━━━━━ PROVIDED ENTRIES

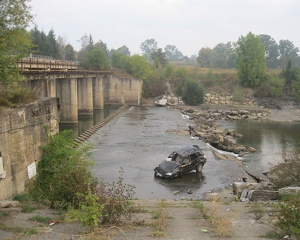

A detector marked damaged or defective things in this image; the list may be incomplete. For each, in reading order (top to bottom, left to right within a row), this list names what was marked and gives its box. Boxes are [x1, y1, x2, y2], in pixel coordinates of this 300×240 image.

wrecked car [155, 144, 206, 178]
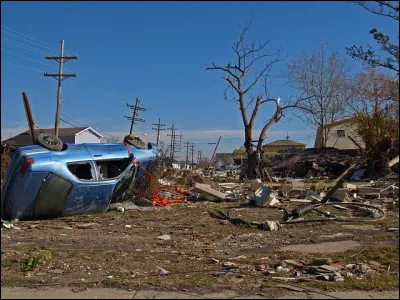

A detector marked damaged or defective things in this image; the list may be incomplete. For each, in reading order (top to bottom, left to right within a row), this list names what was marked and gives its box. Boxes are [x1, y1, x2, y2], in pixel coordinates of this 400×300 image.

overturned blue car [1, 138, 161, 220]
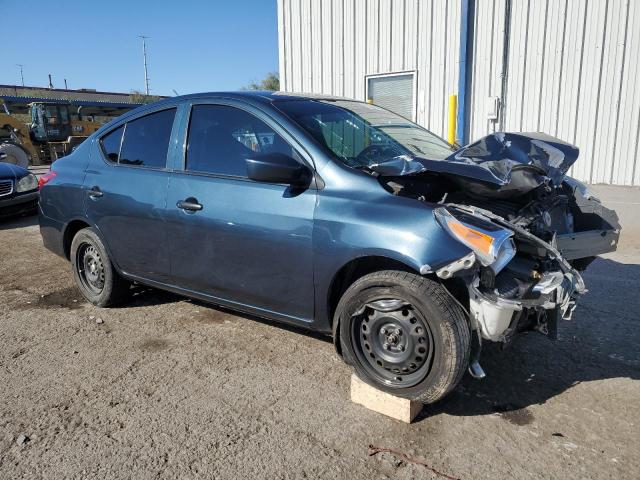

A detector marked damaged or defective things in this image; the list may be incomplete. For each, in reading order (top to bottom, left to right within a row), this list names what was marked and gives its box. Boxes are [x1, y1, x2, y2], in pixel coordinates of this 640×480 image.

crumpled hood [370, 132, 580, 198]
broken headlight [432, 207, 516, 274]
damaged front end [378, 131, 624, 376]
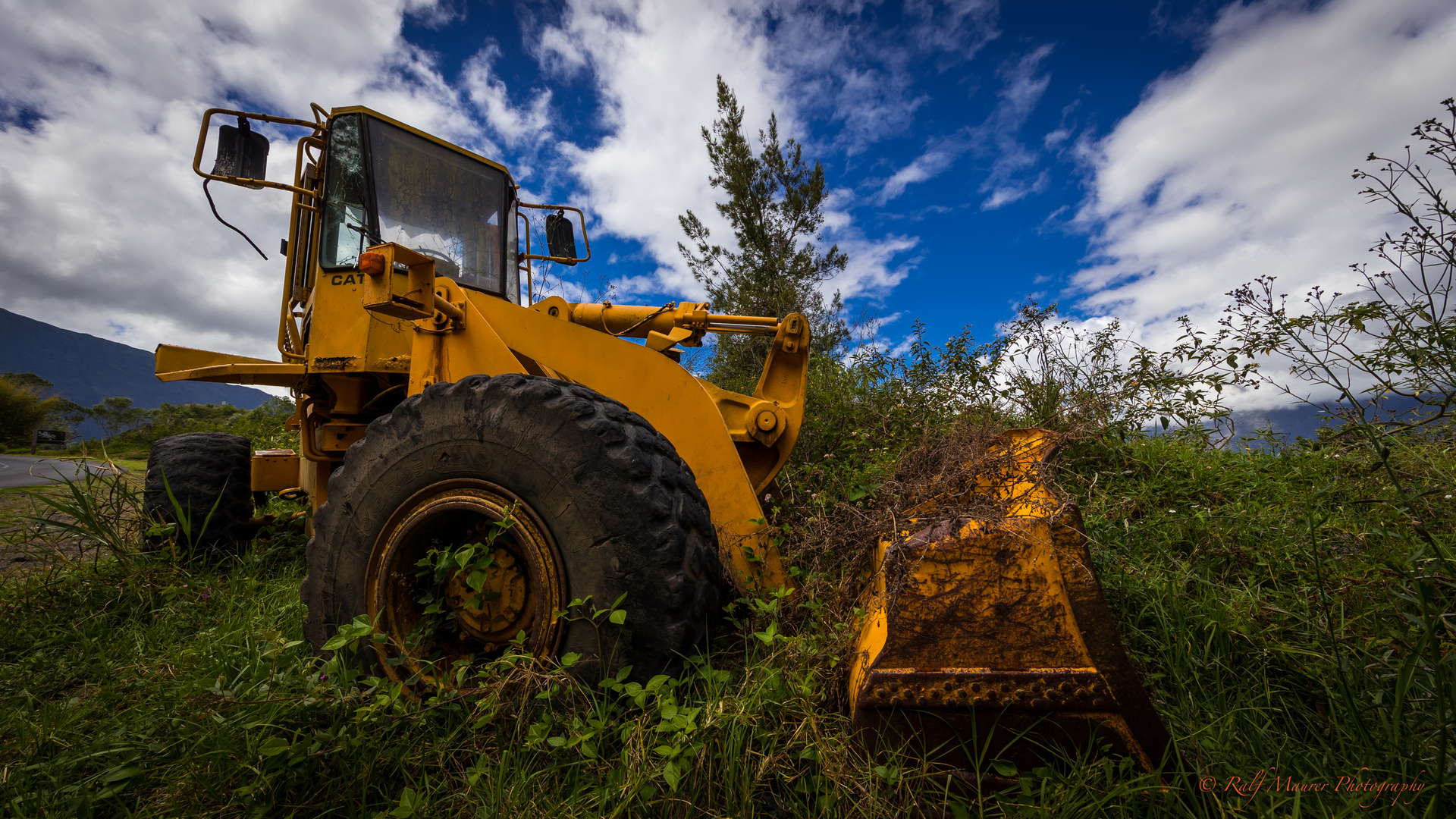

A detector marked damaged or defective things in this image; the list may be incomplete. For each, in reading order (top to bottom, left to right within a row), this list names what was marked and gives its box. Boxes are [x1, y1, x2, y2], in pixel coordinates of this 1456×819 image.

rusty bucket attachment [849, 425, 1177, 783]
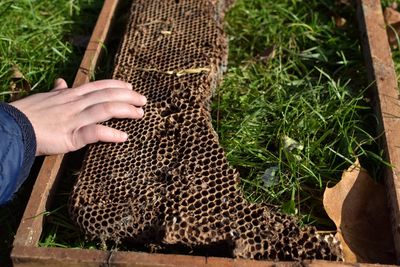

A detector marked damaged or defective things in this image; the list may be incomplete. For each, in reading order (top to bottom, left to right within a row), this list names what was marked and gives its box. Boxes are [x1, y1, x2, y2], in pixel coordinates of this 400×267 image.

damaged honeycomb [68, 0, 340, 262]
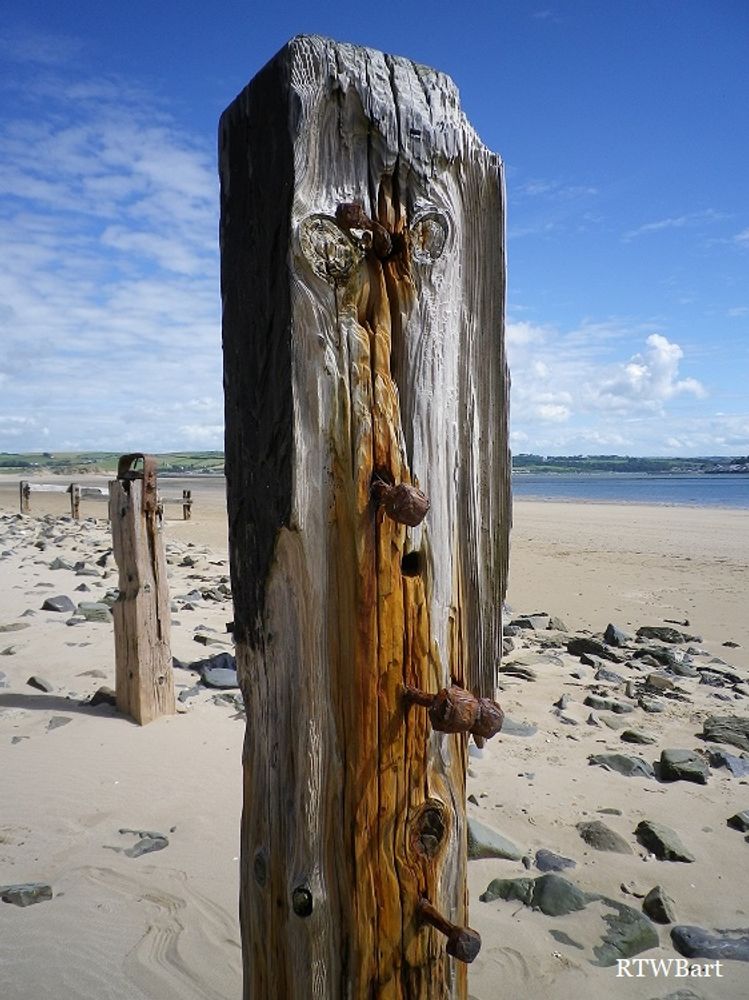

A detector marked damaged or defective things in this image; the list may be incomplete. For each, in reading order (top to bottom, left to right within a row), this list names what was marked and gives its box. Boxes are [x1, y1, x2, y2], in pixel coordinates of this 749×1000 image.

rusty iron bolt [334, 201, 392, 258]
rusty iron bolt [372, 480, 430, 528]
rusty iron bolt [404, 684, 502, 740]
rusty iron bolt [414, 900, 480, 960]
rusty iron nail [414, 900, 480, 960]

━━━━━━━━━━

# YOUR OBJECTIVE:
Please transcribe exactly the lines from the one containing "this 400×267 image." through the last line of the records above, both included, and leave out every picture.

# ANSWER TO THE PROBLEM:
A detector marked damaged or defective things in this image; the list may be incomplete. For each, in reading order (top to bottom, left to right within a row), this list names what was marked and gives its box. Boxes are [x1, y1, x2, y2], in pixel coordinates of this 400×267 image.

damaged honeycomb [68, 0, 340, 262]

A detector marked damaged or defective things in this image; the list may be incomplete. For each, in reading order (top to bottom, left to right within a row), this list names what was marked and gives its box. Boxes are [x1, y1, x2, y2], in pixel coordinates of this 749×1000 image.

rusty iron bolt [334, 201, 392, 258]
rusty iron bolt [372, 480, 430, 528]
rusty iron bolt [404, 684, 502, 740]
rusty iron bolt [414, 900, 480, 960]
rusty iron nail [414, 900, 480, 960]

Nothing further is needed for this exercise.